Friend Number One suggested a comparison between Christianity in St. Paul’s day and conditions now, and pointed to a return to Paul’s hope-filled, apostolic spirit as the best antidote to contemporary ills of the Church. Recalling Paul’s letter to the Philippians — the Macedonians who were the first Christian community in Europe — he wrote:
“He urged them to rejoice and stop quarreling. The best was yet to come. He wanted them to know that their petty problems were minor compared with the bright future ahead.
“He spoke to them with a quiet compassion, recognizing that although the Greatest Commandment — to love God with your whole mind, heart, and soul — would bear fruit in the splendors of Christendom, the second great commandment — to love your neighbor — required deep pastoral concern and genuine interest in local problems.”
Today, my friend observed, people sometimes write off Christianity’s prospects in Europe (and in other places as well — including the United States). Paul of Tarsus wouldn’t do that.
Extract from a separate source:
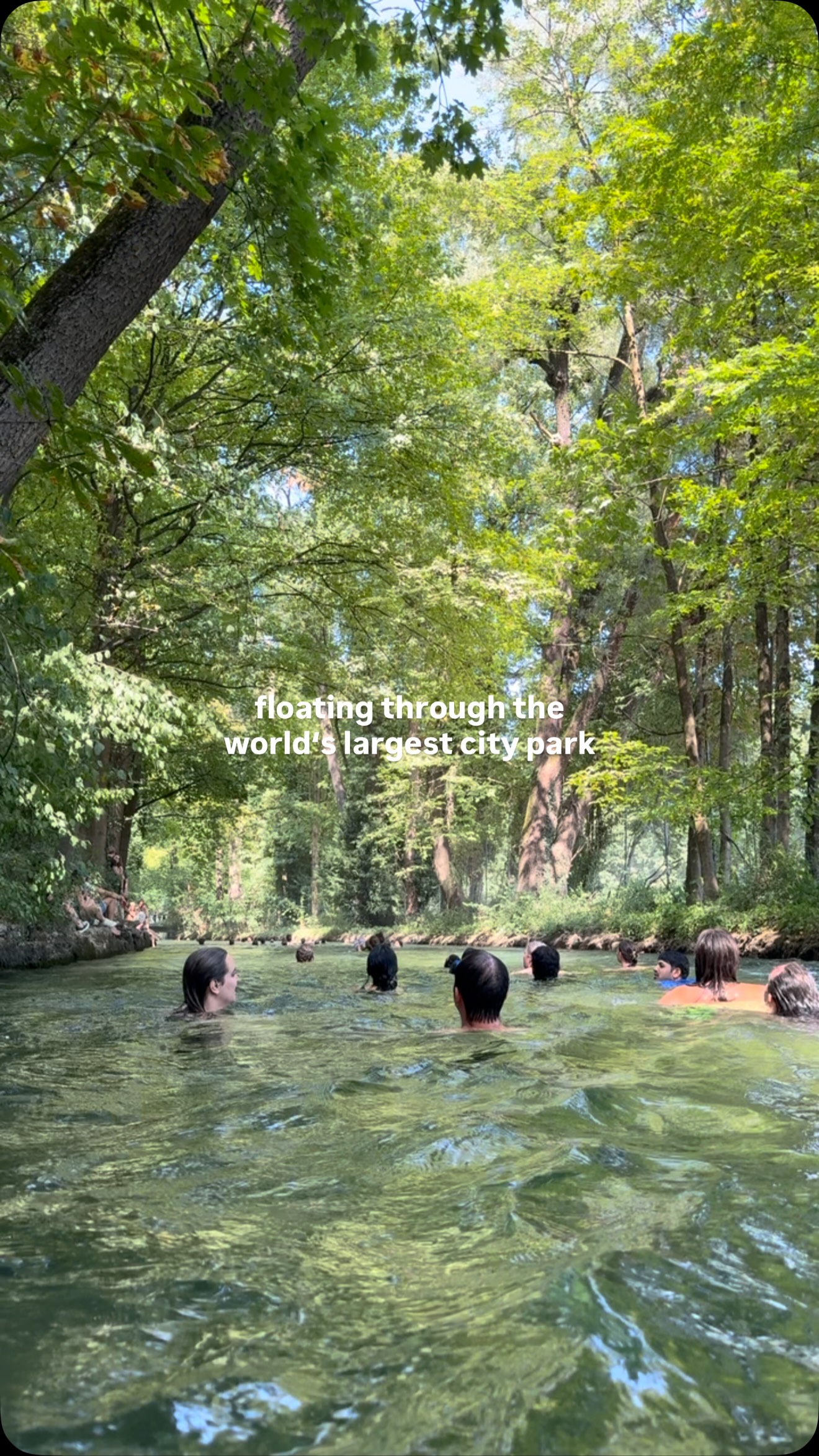 Englischer Garten's Natural Beauty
To the Philippians, Paul hammered home the idea that the remarkable resiliency of the Church is attributable in the end to faith in “a God who…knows how to get up out of the grave.”
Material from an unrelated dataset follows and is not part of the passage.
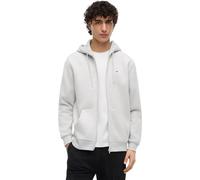 Tommy Jeans Sweat zippé Dm0dm20743 Gris L Homme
It’s the same message that even now comes “pulsing down the centuries to us in every springtime renewal of the Kingdom of God.” We’ve heard it preached by Pope Benedict in these days. But how are we to recapture that spirit and accomplish that result? Here’s where Friend Number Two comes in. He pointed to something that happened — or, more accurately, didn’t happen — after Pope John Paul II’s second U.S. trip in 1987.
After the visit, the American bishops’ conference published the Pope’s talks in a little book with an introduction by the conference president of that day. He wrote that John Paul’s words deserved “close and careful study” so that the trip’s good effects would be “continued long into the future.”
The book has long since gone out of print, my friend remarked, it’s a stretch to imagine anyone but historians reading those talks now, and much of what the Pope called for then has not been realized.
That’s particularly so, he said, where John Paul’s appeals for a revival of the sacrament of Penance are concerned.
The sacrament’s potential for renewing the Church was nothing short of “immeasurable,” the Pope insisted. Yet its reception by American Catholics was way down. It remains so today. Whereas 80% of American Catholics went to confession at least yearly in the 1950s and 1960s, by 2005 more than half said they never receive the sacrament of reconciliation.
Dickens called the era of the French Revolution the best and worst of times, but all times are like that, mixed bags of darkness and light. Certainly that’s how things stand with American Catholicism today. And at this troubled moment, the Holy Father has proclaimed a Year of St. Paul.
May that great Apostle lead us back to faith like his, as Friend Number One urged. And may American Catholics in large numbers grasp the truth of what friend Number Two said: Reviving the sacrament of Penance is central to an authentic revival of our faith. It’s the key to the spiritual renewal of American Catholicism to which Pope Benedict has summoned us all.